There are two areas that will cause this effect.
1) Memory access latencies.
An HT p4 only has one memory port so to speak. If the processor is not making use of it's cache system then both threads are waiting for memory I/O.
2) A p4 with HT has only 1 FPU (Floating Point Unit), but has two integer units and address calculation units.
If the two threads are predominantly FPU bound then you are experiencing an FPU bottleneck problem.
On my P4 with HT and running a Finite Element simulation of a tether system depicting a Space Elevator I experience 20%-30% boost in performance when running two threads vs one thread. (Your milage may vary). On my 4 core server box (2x AMD Opteron 270's with two memory busses) I can attain over 350% boost in performance.
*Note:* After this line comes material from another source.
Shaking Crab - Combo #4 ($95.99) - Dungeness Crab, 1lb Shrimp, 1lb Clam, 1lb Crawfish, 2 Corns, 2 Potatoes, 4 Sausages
HT was a bit disappointing for me in terms of ROI on code change from single thread to multi-thread. Going to multi-core and/or multi-processor package is where your best ROI is found. Think of retiring your P4 with HT and replace it with a Dual Core or Quad Core processor.
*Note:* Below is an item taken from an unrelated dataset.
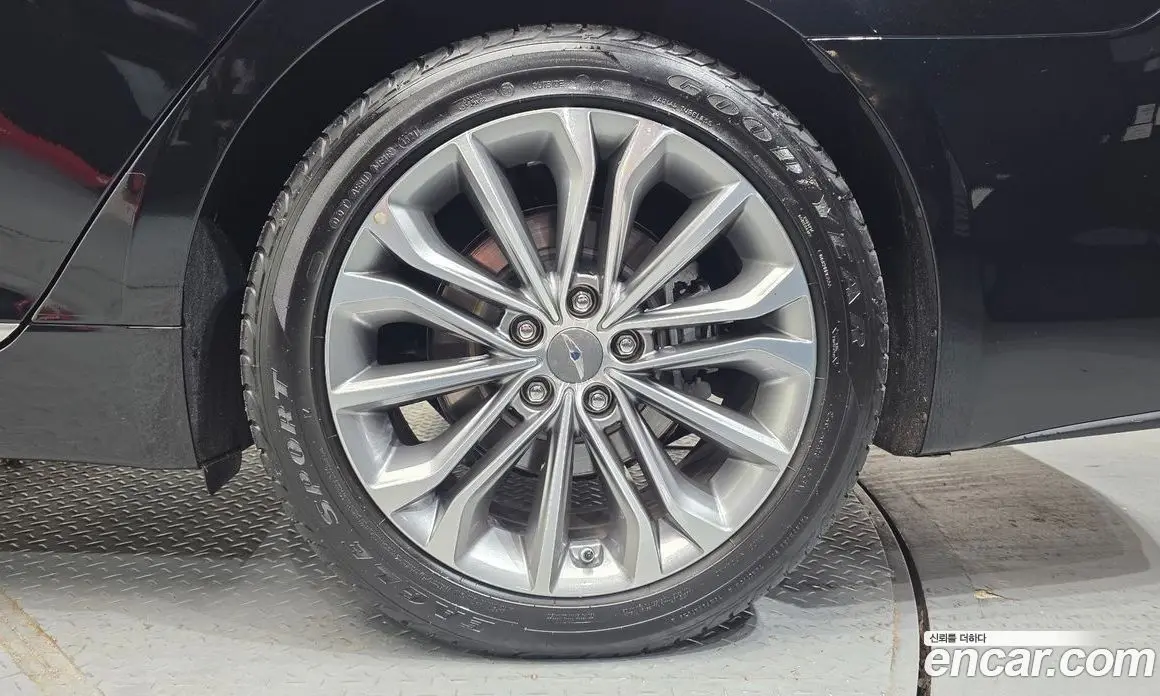 Hyundai Genesis 2014 3.3 автомат (гидро), фото 6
Oh, I hope this doesn't post multiple times. Another post eaten by forum software.
I would be surprised if the problem weren't (1) above, i.e. memory access throughput (I assume you misspoke above because latency-limited code is exactly what HT is supposed to improve). The original poster specified an array rather than several arrays and his method of timing was likely coarse-grained so one might expect that his data set was big enough to reside in main memory rather than in L1 cache.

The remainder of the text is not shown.